Most of the feed sulfur does not become coke sulfur in the cracking reactor. Instead, it is converted either to normally gaseous sulfur compounds such as hydrogen sulfide and carbon oxysulfide, or to normally liquid organic sulfur compounds. All these sulfur compounds are carried along with the vapor cracked hydrocarbon products recovered from the cracking reactor. Thus, about 90% or more of the feed sulfur is continuously removed from the cracking reactor in the stream of processed, cracked hydrocarbons, with about 40-60% of this sulfur being in the form of hydrogen sulfide. Provisions are conventionally made to recover hydrogen sulfide from the effluent from the cracking reactor. Typically, a very-low-molecular-weight off-gas vapor stream is separated from the C.sub.3 + liquid hydrocarbons in a gas recovery unit, and the off-gas is treated, as by scrubbing with an amine solution, to remove the hydrogen sulfide. Removal of sulfur compounds such a hydrogen sulfide from the fluid effluent from an FCC cracking reactor, e.g., by amine scrubbing, is relatively simple and inexpensive, relative to removal of sulfur oxides from an FCC regenerator flue gas by conventional methods.

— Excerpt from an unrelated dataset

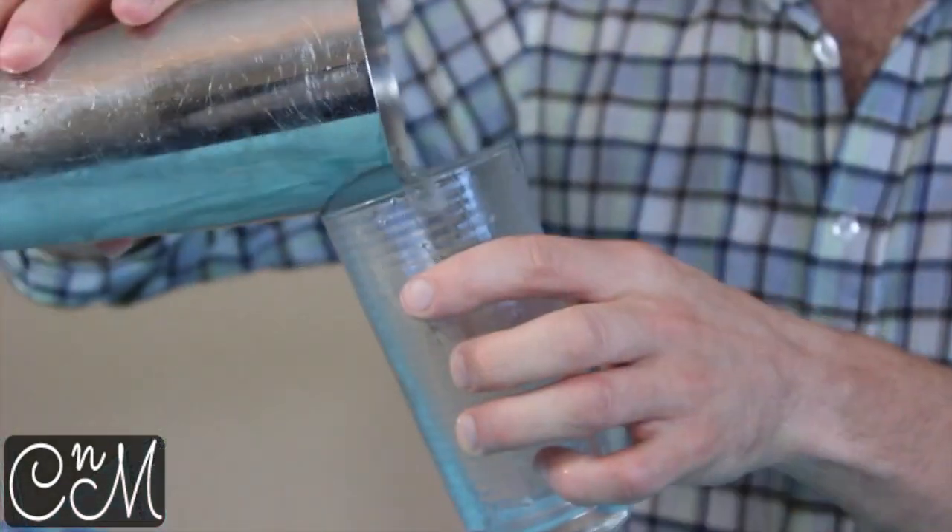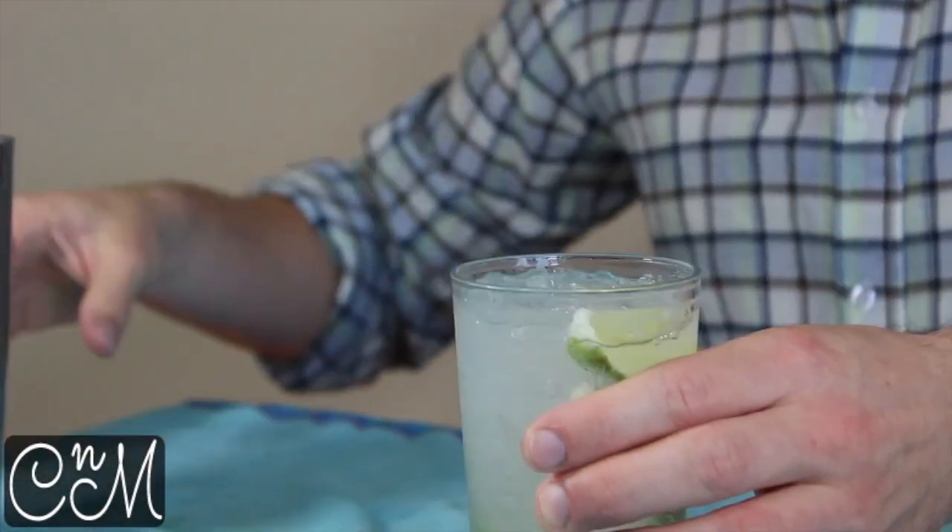As ever, give it a quick taste just to be sure everything's correct. Mmm, that's tasting good. And then just pour it back into the glass and there you have your Caprioska.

Moreover, if all the sulfur which must be removed from streams in an FCC operation could be recovered in a single operation performed on the reactor off-gas, the use of plural sulfur recovery operations in an FCC unit could be obviated, reducing expense.
It has been suggested to reduce the amount of sulfur oxides in FCC regenerator flue gas by desulfurizing a hydrocarbon feed in a separate desulfurization unit prior to cracking or to desulfurize the regenerator flue gas itself, by a conventional flue gas desulfurization procedure, after its removal from the FCC regenerator. Clearly, either of the foregoing alternatives requires an elaborate, extraneous processing operation and entails large capital and utilities expenses.
If sulfur normally removed from the FCC unit as sulfur oxides in the regenerator flue gas is instead converted to H.sub.2 S and removed along with the processed cracked hydrocarbons, the sulfur thus shifted from the regenerator flue gas to the reactor effluent constitutes simply a small increment to the large amount of hydrogen sulfide and organic sulfur invariably present in the reactor effluent. The small added expense, if any, of removing even as much as 5-15% more hydrogen sulfide from an FCC reactor off-gas by available means is substantially less than the expense of reducing the flue gas sulfur oxides level by separate feed desulfurization. Present commercial facilities for removing hydrogen sulfide from reactor off-gas can, in most if not all cases, handle any additional hydrogen sulfide which would be added to the off-gas if the sulfur normally discharged in the regenerator flue gas were substantially all shifted to form hydrogen sulfide in the FCC reactor off-gas. It is accordingly desirable to direct substantially all feed sulfur into the fluid cracked products removal pathway from the cracking reactor and thereby reduce the amount of sulfur oxides in the regenerator flue gas.